Suppose the object is placed at point P on the line EM joining the centres E, M of Earth and Moon. Let distance $PM=r$. Then distance $EP=R-r$ where $R=384,400km$ is the distance $EM$.

Suppose the mass of the Earth is $m$. Then the mass of the Moon is $\mu m$ where $\mu=0.0123$. The gravitational forces on an object of mass $m_0$ at point P from the Earth and Moon are respectively $$F_E=G\frac{mm_0}{(R-r)^2}$$ $$F_M=G\frac{\mu m m_0}{r^2}$$

We need to find a distance $r$ such that $$F_M=\frac13 F_E$$ $$G\frac{mm_0}{(R-r)^2}=\frac13 G\frac{\mu m m_0}{r^2}$$ Rearranging : $$\frac{3}{\mu}r^2= (R-r)^2$$ $$kr=R-r$$ $$r=\frac{R}{k+1}$$

Here $$k=\sqrt{\frac{3}{\mu}}=\sqrt{\frac{3}{0.0123}} \approx 15.617$$ hence $$r=\frac{384,400}{16.617} km\approx 23,100 km$$

**Comments :**

The fewest number of significant figures in the data is 3 so the answer is not reliable to more than 3 significant figures.

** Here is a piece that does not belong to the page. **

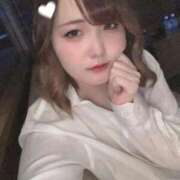 ヒメ日記 2025/10/20 12:15 投稿 ひかり 奥様特急　上野・鶯谷店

This calculation assumes that P lies outside of the Moon and the Earth. Inside the Moon and Earth the $1/r^2$ law does not apply; instead the gravitational force is proportional to $r$. Another method would have to be used. So check that the calculated value of $r$ is greater than the radius of the Moon. It is. Phew.